12.07.2023 13:30:00

Wildcat Capital Management Issues Letter to Consolidated Communications' Special Committee Urging it to Reject the Recent "Take Private" Proposal at $4.00 Per Share

Wildcat Capital Management Supports the Company's Strategy as a Standalone Public Entity

Believes the Current "Take Private" Proposal Significantly Undervalues Consolidated Communications

NEW YORK, July 12, 2023 /PRNewswire/ -- Wildcat Capital Management, LLC (together with its affiliates, "Wildcat"), which beneficially owns approximately 2.6% of the outstanding shares of Consolidated Communications Holdings, Inc. ("CNSL" or the "Company") (NASDAQ:CNSL), today sent a letter to the Special Committee of CNSL's Board of Directors regarding its significant concerns with the non-binding takeover offer, dated April 12, 2023, from Searchlight Capital Partners, L.P. and British Columbia Investment Management Corporation. Wildcat is a long-term investor and one of the Company's largest shareholders. Wildcat supports the Company's current strategic trajectory and firmly believes in CNSL's value as a standalone public entity. In its letter, Wildcat urged the Special Committee to not pursue an offer that it believes significantly undervalues CNSL's equity by a factor of 3.5x.
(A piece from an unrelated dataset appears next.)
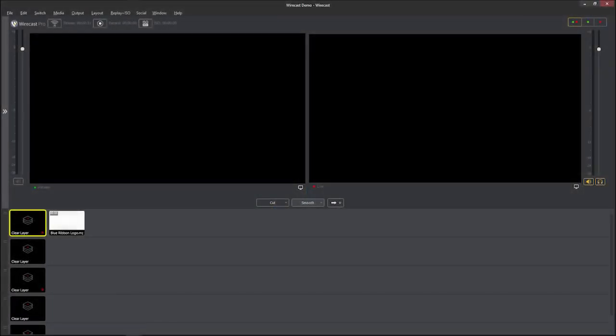Hello guys, this is Wade. Today I'm going to show you how to broadcast live with your TV station using Wirecast software.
Based on analysis detailed in its letter, Wildcat believes that any offer for the Company that the Special Committee recommends should be no lower than $14.00 per share.

A full copy of the letter is below:

Consolidated Communications Holdings, Inc.
2116 South 17th Street
Mattoon, Illinois 61938
Attention: Special Committee of the Board of Directors

Dear Members of the Consolidated Communications Special Committee:

Wildcat Capital Management, LLC (together with its affiliated investment vehicles, "Wildcat," "we," or "our") is a long-term, patient investor which currently owns more than three million shares of Consolidated Communications Holdings, Inc. ("CNSL" or the "Company"), which we believe, based on public filings, makes us the Company's fifth-largest independent shareholder. As a sizeable shareholder of CNSL, we are delivering this letter to the Special Committee of CNSL's Board of Directors (the "Board") to detail our updated views on the contemplated take-private proposal from Searchlight Capital Partners, L.P. ("Searchlight") and British Columbia Investment Management Corporation ("BCI"), following our previous letter to the Special Committee dated June 15, 2023. We are not activist investors but have concluded, somewhat reluctantly, that at this juncture it is in the best interests of all CNSL shareholders for us to also make our views publicly known.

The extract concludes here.